By this time, the lot was empty, save for a few scattered cars left behind by players still changing out of their uniforms. Streetlights coated the faded concrete in a dim, orange light, flickering at random. Apart from my footsteps, the lot was completely silent. The circle of trees that encompassed the school made everything seem much darker than it was, blocking out the light from surrounding cars and shops. The air was cooler now, and I was regretting wearing a skirt rather than pants.
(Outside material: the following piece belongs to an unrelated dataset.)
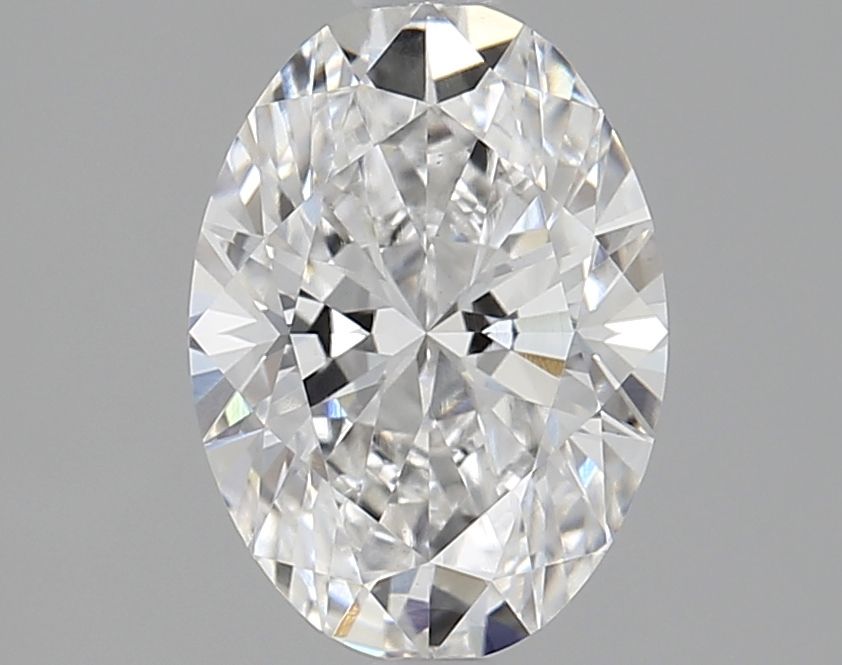 1.52 ct. oval Lab Grown Diamond front image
I reached into my pockets and pulled out my keys, eager to get inside as quickly as possible. The jingling of metal interrupted the quiet lot, masking the sound of my shoes. I looked down to press the ‘Unlock’ button and noticed a shadow that was not my own. I snapped my neck to look behind me; it was Jackson, jogging to catch up with me. I felt dread plotting itself in the center of my stomach.
“He can’t come,” he said, halfway out of breath.
“What?” I instinctively held off on unlocking my car.
“Gus. He can’t come.”
“Did you even call him?” Honestly, I had not seen a phone on him all night. Maybe he left it in his pockets.
“Yeah.” There was no way, in the time I had left him, that he had been able to have that conversation. But guys can have conversations quickly, so maybe it was fast. I did not want to read into it, but something aside from the brisk October wind made my neck cold.
“Okay, well, what about your mom?” I dropped the friendly tone and replaced it with something distant and professional. I quickened my pace and stiffened my body.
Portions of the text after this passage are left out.